Ma Shouyu (, 1908 - 1977) was a political figure in the People's Republic of China.

Early life  
Ma was born in Tai'an County, Shandong Province.

Career 
In 1924, he was admitted to Shandong Provincial First Normal School. He joined the Communist Youth League of China at the school and became a member of the Communist Party of China the same year. In 1925, the CPC Shandong Provincial Executive Committee sent him to Tai'an, to establish party organizations. Wang Zhongxiu and Yu Zanzhi were sent to Tai'an soon after. They recruited Qin Shaoxiang and Sun Jianlin as party members in Tai'an Railway Station.

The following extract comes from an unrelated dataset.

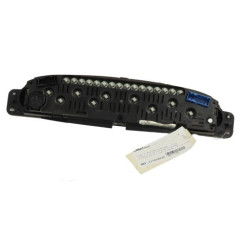 Compteur CITROEN XSARA PICASSO Photo n°6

In the spring of 1926, these five members had a meeting in a mountain, and established the CPC Tai'an Branch, which belonged to CPC Shandong Provincial Executive Committee. Ma was elected as the secretary,  while Yu, Wang and Qin became committee members. Ma went to Qufu the same year to publicize the CPC in the Temple of Confucius. During that summer, the CPC Branch of Shandong Provincial Second Normal School was set up, and Ma was elected to be in charge. Soon after, Ma left  and Gong Changfu took  this position.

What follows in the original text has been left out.